Its revenue of HKD$10 million (US$) in 2017 largely came from fulfilling the advertising requests. Roughly 70% to 80% of their revenue is from advertising, and about 80% of the companies or organisations with whom they have advertising deals are in Hong Kong. Manner made a crime prevention video for the Hong Kong Police Force. Companies they have made ads for include Alipay, the Yeung Gwong drink, and the electronics chain store Broadway. People they have made ads for include Eason Chan, Joey Yung, Eddie Peng, Wan Kwong, and Nancy Sit.

==Commerce==
Starting in 2017, Manner has begun operating in the food and drink industry such as investing in a restaurant and bar and creating advertisements promoting restaurants. The restaurant and bar allowed singers to share their voice to restaurant patrons. They began considering entering the products space after thinking of the slogan "睇趣片 食脆片" which means "Watch funny videos, eat crispy snacks" in which in Cantonese "funny" and "crispy" are different words but are pronounced the same. It created Manner-branded snacks that have Manner personalities on the packaging. It created the Laji brand that sells souvenirs such as Chinese almond biscuits and beef jerky. When they first started making snacks, they found it more expensive than they had anticipated as Macau had very few factories, and it was expensive to pay for labour and materials.

===Laji===
In August 2018, Manner opened a physical store to sell Macau souvenirs. Called Laji (辣記), the store was located close to the Ruins of Saint Paul's at Travessa dos Anjos in Sé, Macau. The store had a large television that broadcasts Manner's videos. It sold Phoenix egg rolls, Chinese almond biscuits, and beef jerky and its products had a slightly spicy taste. The products had "funny and weird packaging" in that the Phoenix egg rolls' wrapping looked like that of feminine hygiene products, while the almond biscuits' wrapping looked like that of condoms. Laji offered discounts that were gimmicks.
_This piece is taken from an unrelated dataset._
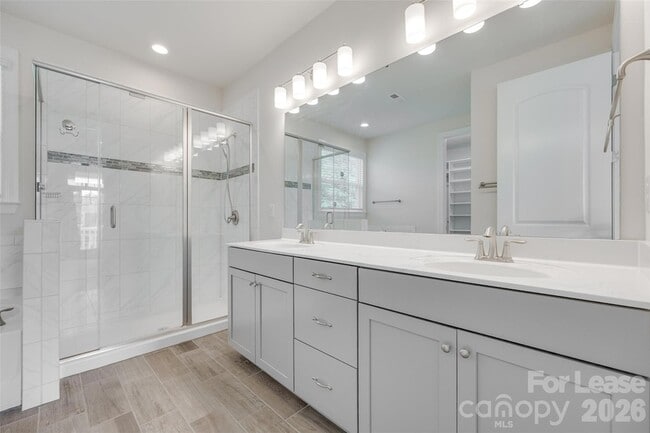 Building Photo - 421 Sandbar Pt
Since it is challenging to find parking in Macau, Laji gave customers free beef jerky if they show a parking ticket they have received. Despite substantial investment in it, the Laji physical store closed after fewer than six months. Manner did not realise how much time and money it would take to run the store. They switched to online selling of their products such as mugs and T-shirts to increase the profit margin and reduce the time investment.

===Manner Dai Pai Dong===
Using the same name as one of the company's shows, Sixtycents founded a restaurant at Sha Tin's New Town Plaza called Manner Dai Pai Dong (微辣大排檔). To prepare the restaurant for its opening, he spent eight figures. From planning to its opening on 3 December 2022, it took three years owing to the COVID-19 pandemic, which led to multiple delays. The restaurant's four sections each had a theme: a subway car, a mahjong school, ferry seats in the Hong Kong and Macau styles, and an old-fashioned ice room. The restaurant received negative reviews for poor service and poor-quality food, leading its closure by October 2023.

==Comparison to 100Most==
In reference to the satirical Hong Kong magazine 100Most, Manner has been called "Macau's 100Most" because both produce funny content. Manner co-founder Sixtycents objected to the 100Most characterisation, noting that Manner does not touch directly on politics. He further noted that 100Most is focused on the publishing business, whereas Manner is involved in various media.